Provisioning strategies

BlueStore differs from Filestore in that there are several ways to deploy a BlueStore OSD. However, the overall deployment strategy for BlueStore can be clarified by examining just these two common arrangements:

block (data) only

If all devices are of the same type (for example, they are all HDDs), and if there are no fast devices available for the storage of metadata, then it makes sense to specify the block device only and to leave block.db and block.wal unseparated. The lvm command for a single /dev/sda device is as follows:

ceph-volume lvm create --bluestore --data /dev/sda

If the devices to be used for a BlueStore OSD are pre-created logical volumes, then the lvm call for an logical volume named ceph-vg/block-lv is as follows:

ceph-volume lvm create --bluestore --data ceph-vg/block-lv

block and block.db

If you have a mix of fast and slow devices (for example, SSD or HDD), then we recommend placing block.db on the faster device while block (that is, the data) is stored on the slower device (that is, the rotational drive).
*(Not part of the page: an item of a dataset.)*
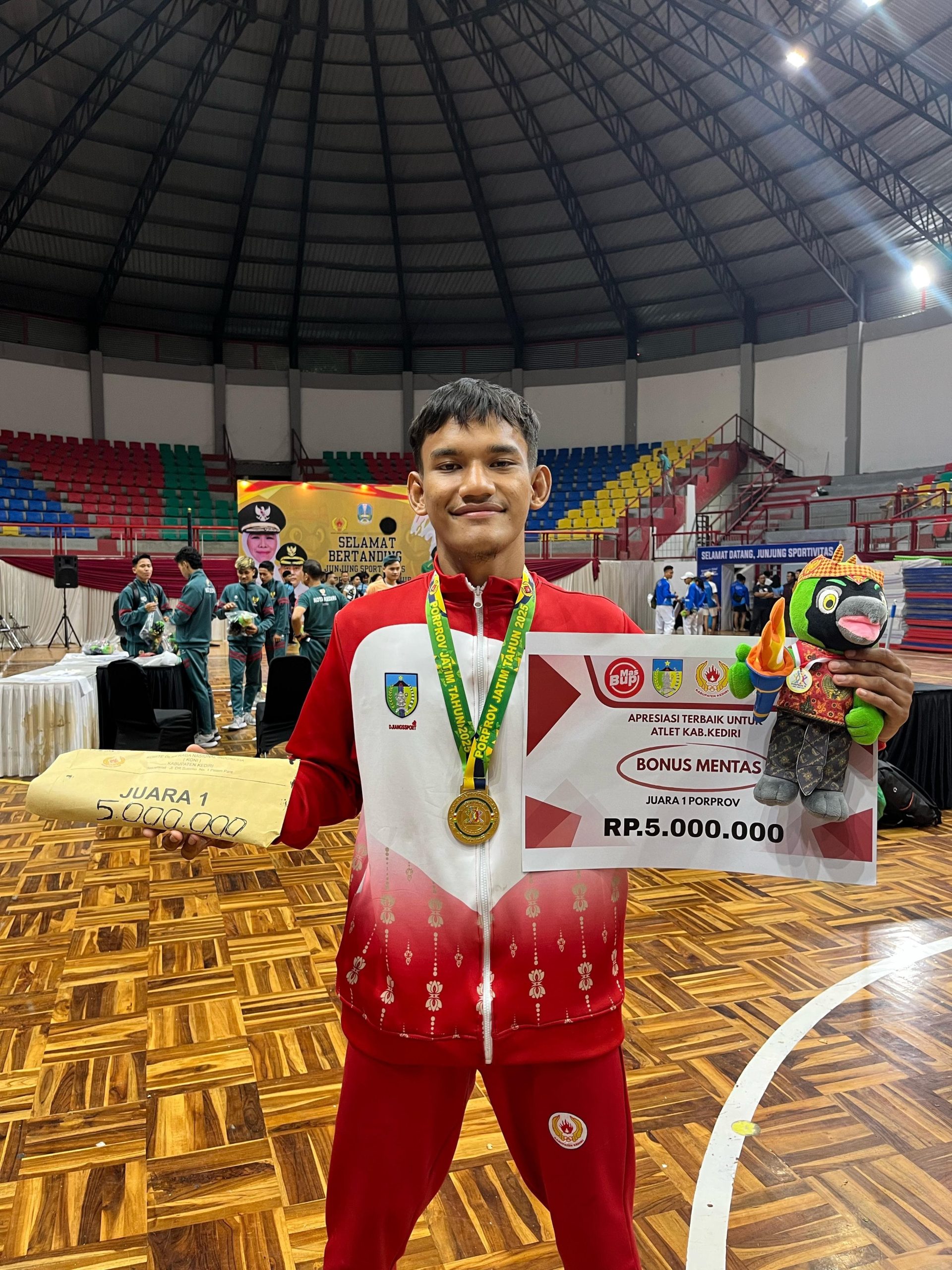 Perjuangan M Fananda Catur Pamungkas di Porprov Jatim IX 2025, Atlet IBC-MMA Raih Medali Emas usai Lepas Tekanan di Luar Pertandingan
You must create these volume groups and these logical volumes manually. as The ceph-volume tool is currently unable to do so [create them?] automatically.

The following procedure illustrates the manual creation of volume groups and logical volumes. For this example, we shall assume four rotational drives (sda, sdb, sdc, and sdd) and one (fast) SSD (sdx). First, to create the volume groups, run the following commands:

vgcreate ceph-block-0 /dev/sda
vgcreate ceph-block-1 /dev/sdb
vgcreate ceph-block-2 /dev/sdc
vgcreate ceph-block-3 /dev/sdd

Next, to create the logical volumes for block, run the following commands:

lvcreate -l 100%FREE -n block-0 ceph-block-0
lvcreate -l 100%FREE -n block-1 ceph-block-1
lvcreate -l 100%FREE -n block-2 ceph-block-2
lvcreate -l 100%FREE -n block-3 ceph-block-3

Because there are four HDDs, there will be four OSDs. Supposing that there is a 200GB SSD in /dev/sdx, we can create four 50GB logical volumes by running the following commands:

vgcreate ceph-db-0 /dev/sdx
lvcreate -L 50GB -n db-0 ceph-db-0
lvcreate -L 50GB -n db-1 ceph-db-0
lvcreate -L 50GB -n db-2 ceph-db-0
lvcreate -L 50GB -n db-3 ceph-db-0

Finally, to create the four OSDs, run the following commands:

ceph-volume lvm create --bluestore --data ceph-block-0/block-0 --block.db ceph-db-0/db-0
ceph-volume lvm create --bluestore --data ceph-block-1/block-1 --block.db ceph-db-0/db-1
ceph-volume lvm create --bluestore --data ceph-block-2/block-2 --block.db ceph-db-0/db-2
ceph-volume lvm create --bluestore --data ceph-block-3/block-3 --block.db ceph-db-0/db-3

After this procedure is finished, there should be four OSDs, block should be on the four HDDs, and each HDD should have a 50GB logical volume (specifically, a DB device) on the shared SSD.

Sizing

When using a mixed spinning-and-solid-drive setup, it is important to make a large enough block.db logical volume for BlueStore. The logical volumes associated with block.db should have logical volumes that are as large as possible.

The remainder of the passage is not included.